"Slovakia's Migrants Keep A Low Profile In A Country Wary Of Outsiders "

KELLY MCEVERS, HOST:

Slovakia is one country that has resisted taking in a share of the refugees and migrants coming to Europe. And we're going to go now to the Slovak capital, Bratislava, where reporter Joanna Kakissis found a tiny immigrant community that arrived decades ago. As she learned, it's thrived by staying under the radar.

NGUYEN KIEN TRUNG: We can go to...

JOANNA KAKISSIS, BYLINE: There's a street in a warehouse district of Bratislava that's lined with Vietnamese businesses. Drive by and you'll see clothing outlets and a place to eat the famous Vietnamese noodle soup called pho.

TRUNG: You can go inside there so you can see.

KAKISSIS: Oh, there's a pho restaurant (laughter).

TRUNG: Yes, it's a good one.

KAKISSIS: Thirty-two-year-old Nguyen Kien Trung is showing me around. His family has imported and sold Vietnamese-made clothes in Slovakia for 18 years.

TRUNG: Slovak people perceive us as very, very hardworking people. We practically don't have holidays.

KAKISSIS: We stop by his family's warehouse where Trung's aunt and uncle greet us in Vietnamese. Trung's parents came to Slovakia about 30 years ago when it was still part of Czechoslovakia. Like others from North Vietnam, they found opportunities in communist Eastern Europe. Slovakia gained independence in 1993. At least 3,000 Vietnamese now live here. Claudia Tran was born and raised in Slovakia. She's 21, a university student who manages a nonprofit. I meet her at a hipster cafe in a cobblestoned old section of Bratislava.

CLAUDIA TRAN: Here in Bratislava, sometimes when I walk through the street, people will just look. I don't know if it's because, you know, they stare because I'm a woman or is it because I'm an Asian? But still they stare.

KAKISSIS: Her parents, top-notch students in Vietnam, came to Eastern Europe on university scholarships.

TRAN: And that's why my dad ended up in Poland and my mom ended up in Slovakia. And yeah, they are both engineers.

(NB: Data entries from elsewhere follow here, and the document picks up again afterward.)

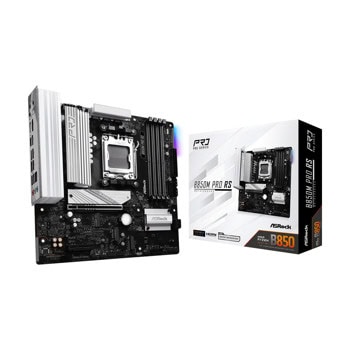 Дънна платка ASRock B850M PRO RS, B850, AM5, DDR5, PCI-E 5.0 (DP&HDMI), 4x SATA 6Gb/s, 4x M.2 slots, 1x USB 3.2 Gen 2 Type-A, 1x USB 3.2 Gen 2 Type-C, 2.5GbE LAN, microATX | JAR Computers ASRock B850M PRO RS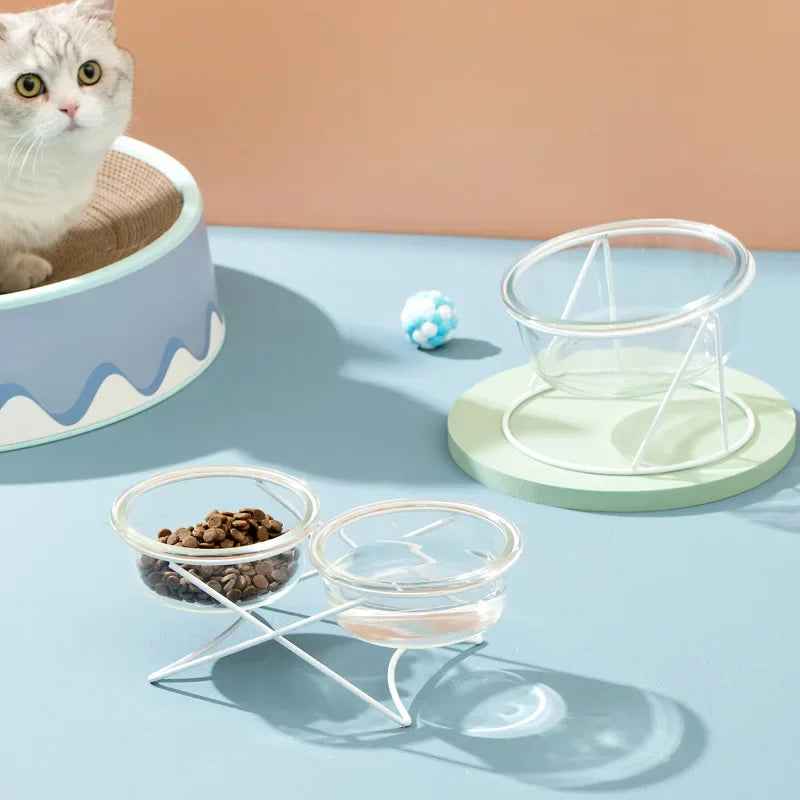 Cat Glass Food Water Bowl Elevated Small Dog Double Drinking Eating Bowls Pet Transparent Feeding Basin with Stand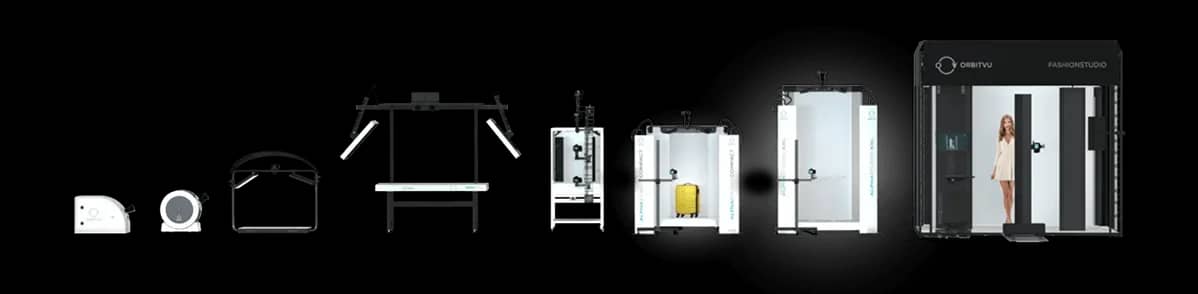 Línea de estudios automáticos de fotografía de producto Orbitvu, desde plataformas giratorias compactas hasta el Fashion Studio completo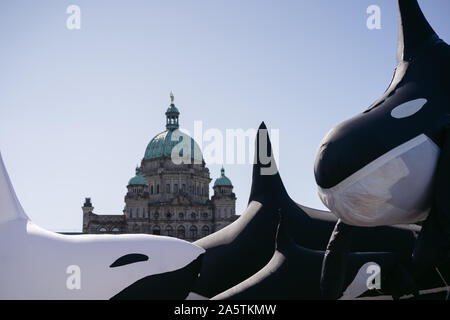 Blow up Orcas und Regierung Gebäude Stockfoto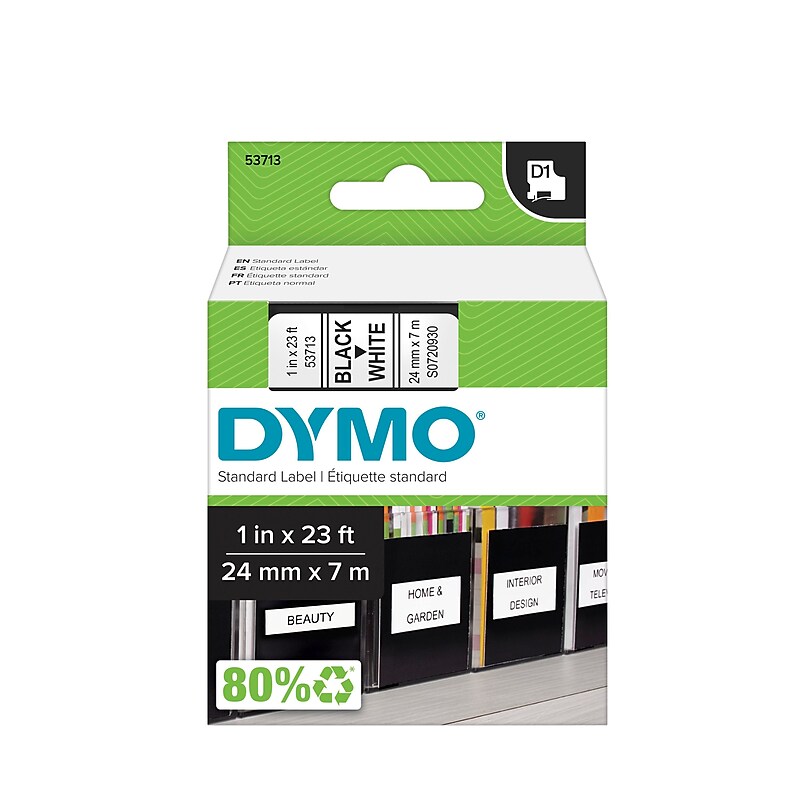 DYMO D1 Standard 53713 Label Maker Tape, 1" x 23', Black on White (53713) image 1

KAKISSIS: But it was hard to find work.

TRAN: The easiest way for them to earn money was just to sell everything they could, like, to do business and that's how they came to their current business. And they sell the clothing for children.

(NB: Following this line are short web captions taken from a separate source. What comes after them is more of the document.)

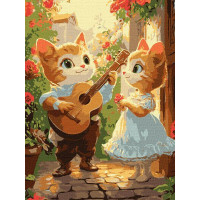 Картина за номерами Котячі романси art_selena_ua 30х40 Ідейка (KHO6746)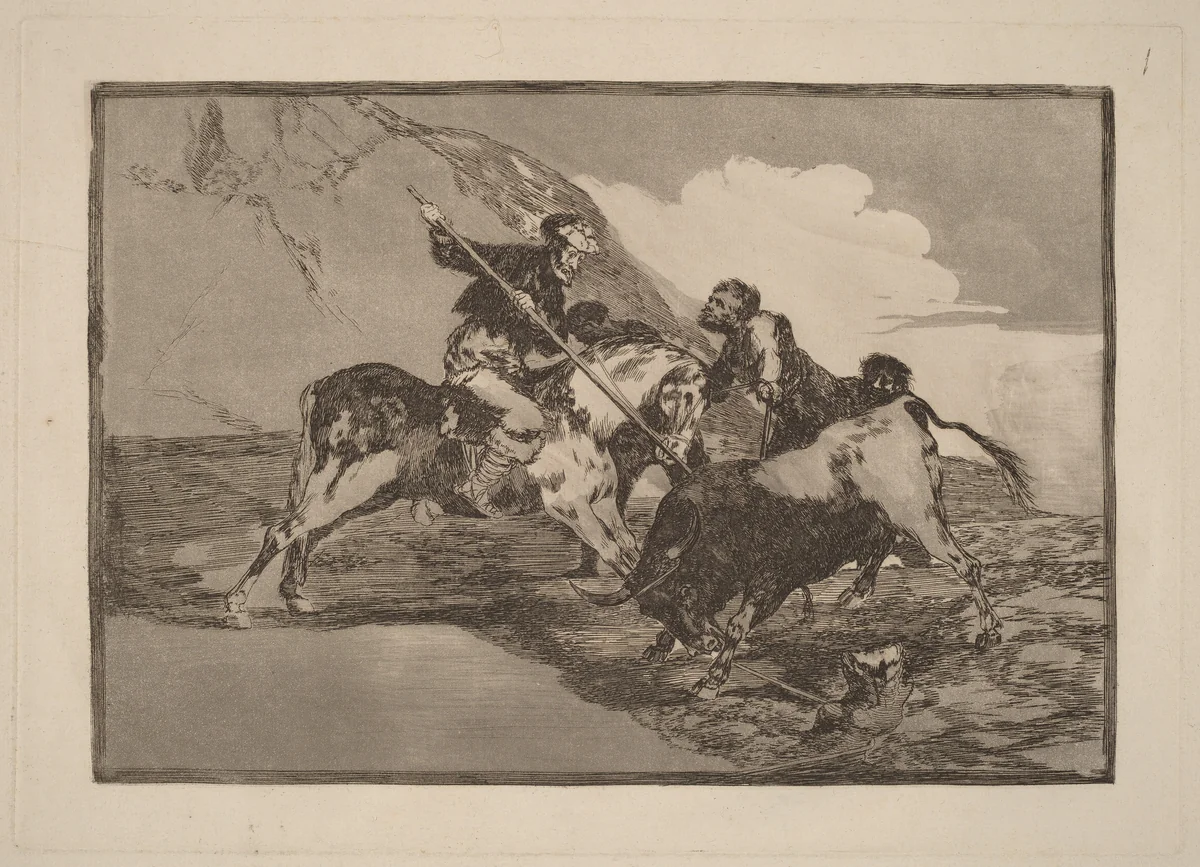 Modo con que los antiguos Espanoles cazaban los toros a caballo en el campo (The Way in which the Ancient Spaniards Hunted Bulls on Horseback in the Open Country) by Francisco Goya, portfolio, 1816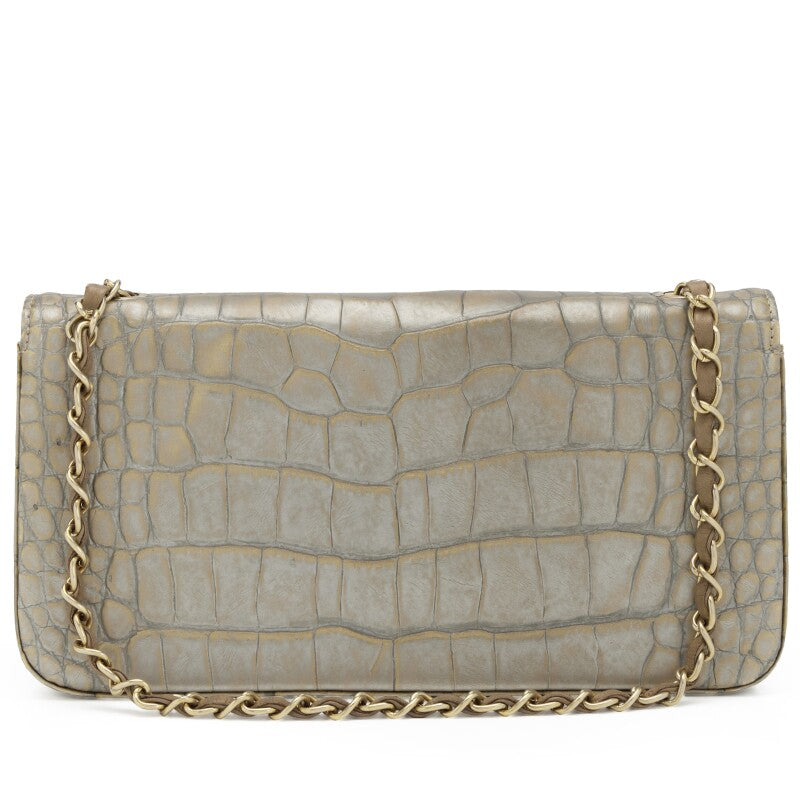 Chanel Metallic Silver & Taupe Alligator East West Classic Flap Bag Aged Gold Hardware (2008)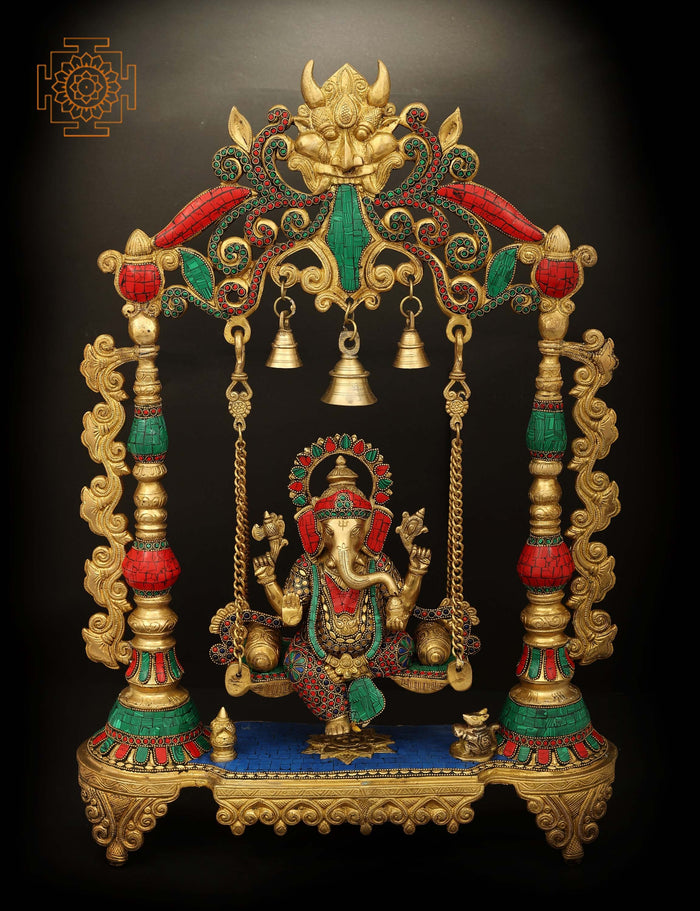 18" Handmade Brass Ganesha Statue with Inlay Stone Work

KAKISSIS: Tran is having hot chocolate with Lani Willmar, who's 22 and from Corona, Calif. Her parents fled South Vietnam by boat and came as refugees to the U.S.

LANI WILLMAR: I'm a first-generation college student.

KAKISSIS: Now this American is on a Fulbright, teaching English in a country where just a little over 1 percent of the population is foreign-born. She defends multiculturalism to skeptical young Slovaks.

WILLMAR: Yes, there are problems. Yes, there's racism. But it doesn't mean that's you should write off multiculturalism completely because if that were the case I wouldn't be there. My family wouldn't be there and life would be very different in the U.S.

KAKISSIS: But Europe is not the U.S., says Eva Kellerova, a retired scientist I met in Bratislava.

EVA KELLEROVA: (Foreign language spoken).

KAKISSIS: She says her heart breaks when she sees the thousands of Syrians and other refugees on TV, exhausted families trudging through the mud and cold. But she says it almost looks like an invasion. The Vietnamese came quietly, and she says it was a...

DANIELA KELLEROVA: Peaceful and calmer time then. And we took them in, and, like, it was OK, and it wasn't in such a, like, chaotic situation as it is nowadays.

KAKISSIS: That's her granddaughter, Daniela Kellerova, translating. Daniela, like many bright young Slovaks, is studying abroad in Scotland and does not plan to come home anytime soon. She's part of the brain drain that turning Slovakia into an aging society, a society that might benefit from an infusion of immigrants. For NPR News, I'm Joanna Kakissis in Bratislava, Slovakia.